Safety That Adapts to You

Volvo’s latest innovation, its multi‑adaptive safety belt named one of TIME’s Best Inventions of 2025, marks a new era of protection designed for every body. It is more than a smarter restraint. It is a sign of how adaptive technologies and industry partnerships are redefining what safety means in the age of intelligent mobility. It reflects a future where every vehicle not only protects its passengers but learns from them. We’ve entered the era of Safety Intelligence.

Redefining the Seatbelt for Every Body

When Volvo invented the three‑point seatbelt in 1959, engineer Nils Bohlin transformed automotive safety forever. More than sixty years later, the company has done it again. The new multi‑adaptive safety belt, debuting in the upcoming EX60 EV, uses real‑time data from interior and exterior sensors to tailor protection to each occupant and crash scenario.

The system continuously adjusts belt tension based on occupant size, shape, and seating posture, tightening more firmly for larger occupants in serious crashes while easing restraint for smaller individuals in mild impacts. As Åsa Haglund from the Volvo Safety Centre explains, it delivers “smarter, personalized protection that adapts not just to the crash, but to the person.”

Through over‑the‑air updates, the belt system refines its response strategies as new crash data and occupant insights emerge. One powerful image shared from Volvo by TIME features a pregnant mother comfortably restrained, offering a visual statement that safety design can and should be inclusive from the very beginning.

New multi-adaptive safety belt is designed to customize protection for different people in different scenarios

Volvo's new multi-adaptive safety belt is designed to customise protection for different people in different scenarios, with an exploded view of the safety belt. Copyright © 2025 Volvo Car Corporation. 

The Human Data Behind Adaptive Technology

Restraint systems rely on a biomechanical understanding of how the human body moves and reacts in crashes, knowledge built through decades of physical testing and computational modeling. Yet, even as technology advances, important gaps remain.

Data for certain populations such as pregnant women, individuals with high BMI, or other underrepresented body types is limited, both in post-mortem human subject (PMHS) research and validated computational injury risk models.

Humanetics helps bridge this critical gap. Our ATDs provide high-fidelity physical sensor data that anchors digital simulations in measurable human responses, while our advanced digital human modeling tools extend this understanding into the virtual realm. Leveraging the world’s largest database of human body shapes and biomechanical attributes — across regions, ages, genders, and body compositions, we help our partners create simulations that truly represent Every Body.

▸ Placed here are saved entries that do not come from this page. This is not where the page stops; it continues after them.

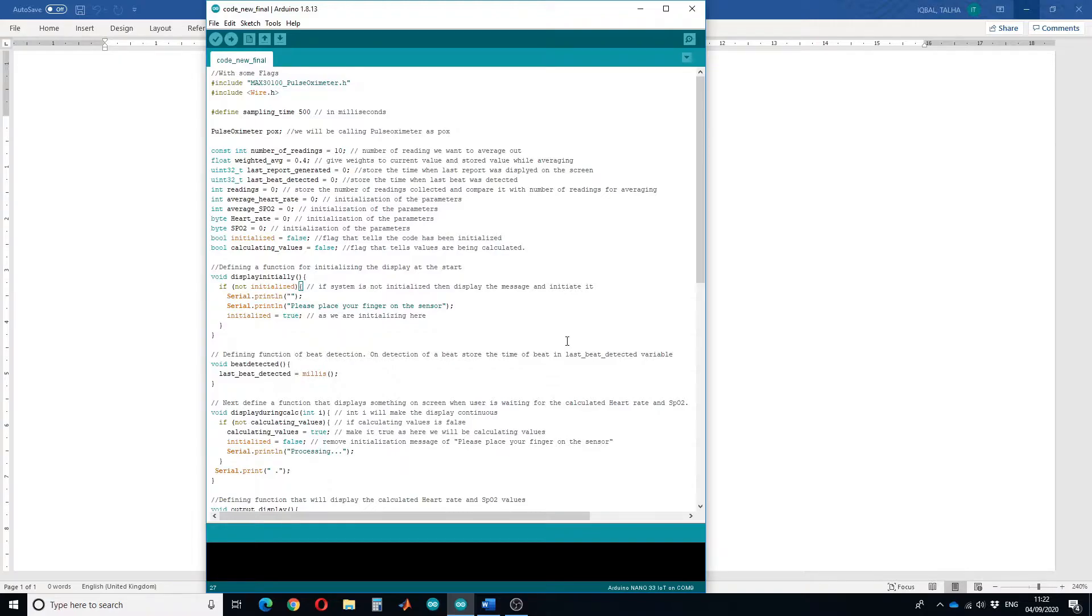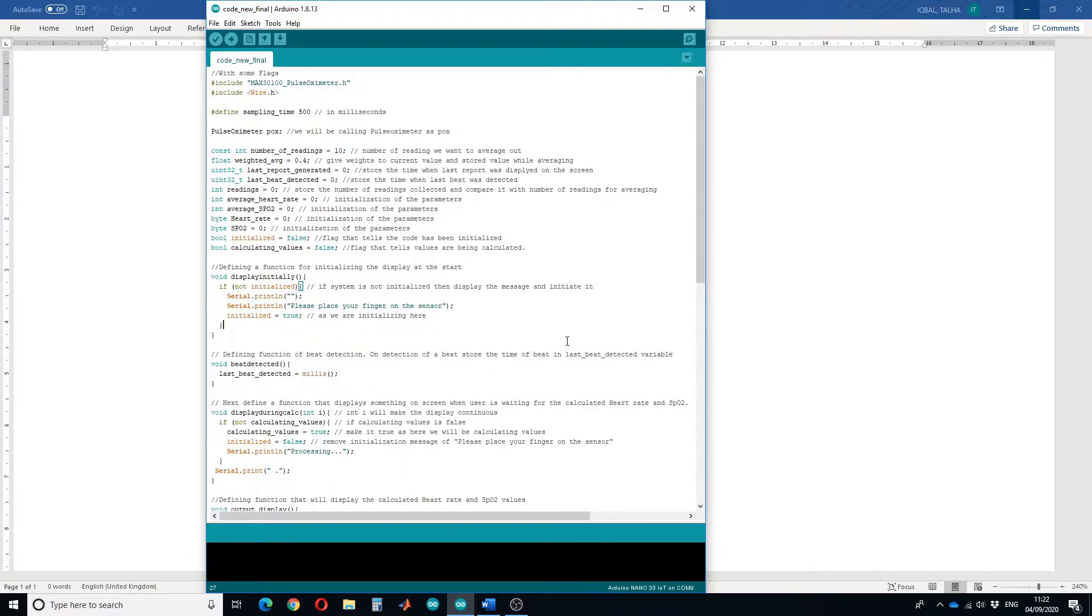In the previous video I showed you how you can design a simple heart rate monitor, but the values of the heart rate were jumping around and were not stable. So in this tutorial I will show you how you can design a stable heart rate monitor.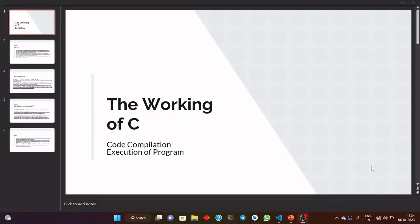Hello guys, welcome back. I am Ajay Kumar. This is the second lecture of the course Introduction to Programming Using C Language. This lecture will also be based on the introduction of C language. More concisely, we will discuss the working of C, which consists of code compilation, execution of the program, and a little bit of the architecture of C. Now before directly jumping into code execution and compilation, let us discuss some key features of the C language.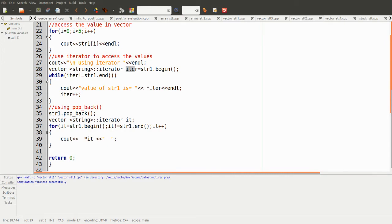Initially size is zero, then after entering the values the vector size is five. Using the for loop we output the values, then using the while loop with an iterator we print the values — both produce the same result. After the pop_back, the last value is removed. Using the for loop with an iterator, we print again. The output shows a, b, b, c, c, d, d — the value 'e' has been removed by str1.pop_back.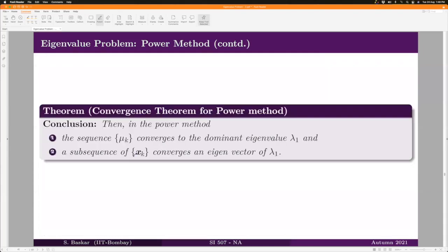Under these three hypotheses, the conclusion is: the sequence μ_k converges to the dominant eigenvalue λ₁. As for the sequence x_k, it may or may not converge to an eigenvector of λ₁, but there surely exists a subsequence that converges to an eigenvector of λ₁. This is the convergence theorem for the power method.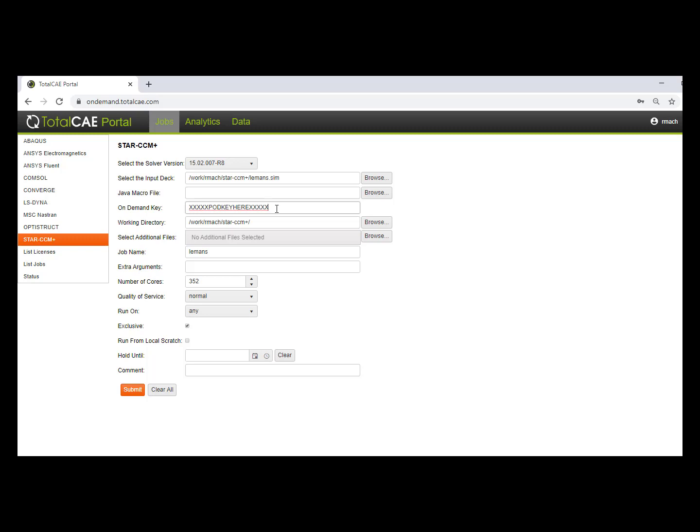Now at the time of this recording, Siemens is graciously giving out POD keys to customers who aren't able to access their on-premise systems. So you'll just put that key in here, then choose the number of cores, 352 cores in this case, and just hit submit.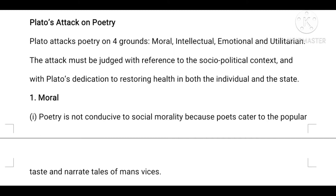It is more important to remember this because you have the UGC net paper in semester four. You need to focus especially on literary criticism and literary theory. Those papers you need to focus on very much — it is more important for PG level students. Plato attacks poetry on four grounds: moral, intellectual, emotional, and utilitarian.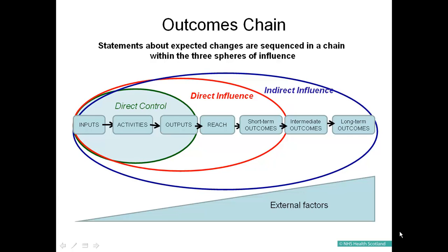Direct influence is when the groups that use the outputs are in the short-term outcomes, so this refers to changes in knowledge and skills that can be directly attributed to your service. Some elements of the chain are within your direct control. These are the visible elements of the programme, for example the activities you undertake and the things that are produced. An outcomes chain can also be described as a logic model which helps in planning programmes and in defining how to measure the success of the programme.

By combining physical testing, predictive modeling, and data science, Humanetics empowers engineers to evaluate restraint systems for a broader and more inclusive population. These insights don’t claim universal validation, but they enable smarter, faster, and more human-centered design decisions that steadily move the industry closer to that goal.

As one Humanetics engineer puts it, “Adaptive safety is about progress through precision and refining protection step by step, grounded in the best data available, and always seeking to better represent the full spectrum of humanity.”

Cut out car with areas indicating adaptive airbags, adaptive seatbelts, occupant sensing technology, seat and interior integration of pre-crash seat devices, and the use of virtual testing.

Partnership at the Core of Progress

Volvo’s achievement is a powerful reminder that no innovation happens in isolation. Adaptive restraint systems represent the outcome of collaboration across automakers, suppliers, researchers, and technology leaders who share one mission, to protect people in motion.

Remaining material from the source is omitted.